Recorded data ->

────────────────────

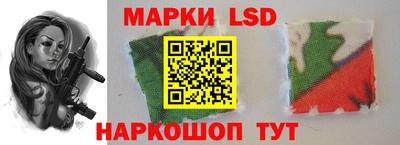 ALPHA-PVP Пушкино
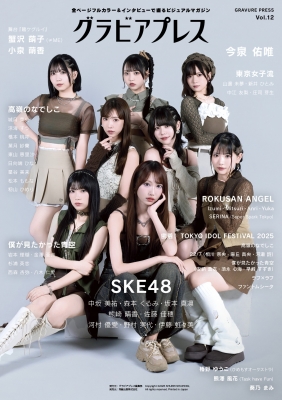 リプトン×今泉佑唯 サイン入り限定フォトブック（印刷版） 合同会社1623 on X: 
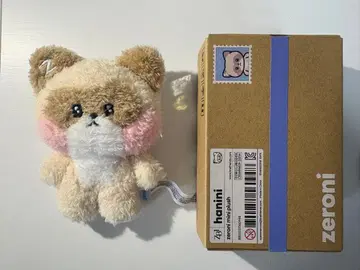 zeroni 하니니 봉제 인형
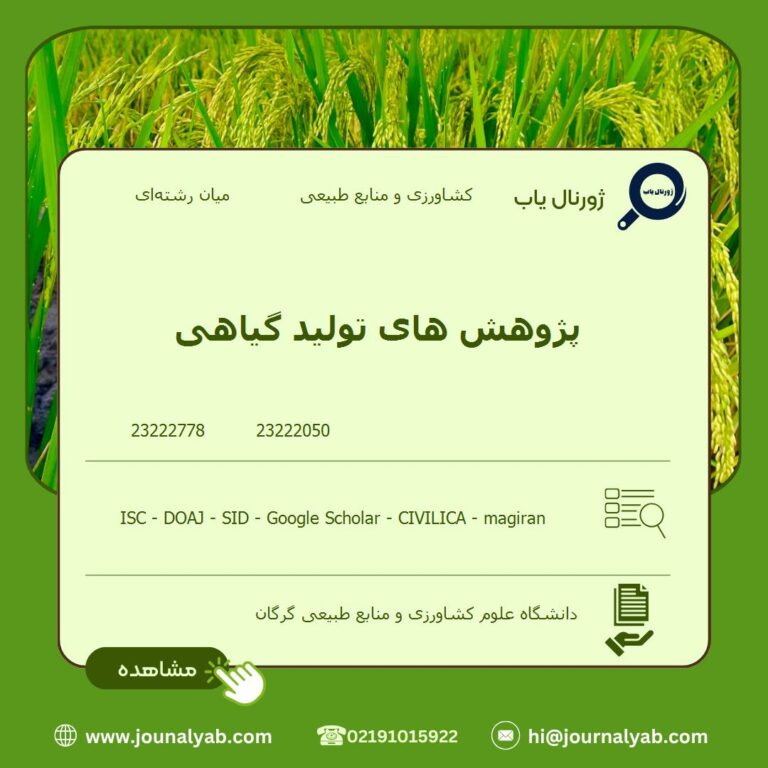 پژوهش های تولید گیاهی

────────────────────

What is being asked -> Word-for-word transcription: the whole listing, with images excluded.

Output below ->
 ALPHA-PVP Пушкино
 リプトン×今泉佑唯 サイン入り限定フォトブック（印刷版） 合同会社1623 on X: 
 zeroni 하니니 봉제 인형
 پژوهش های تولید گیاهی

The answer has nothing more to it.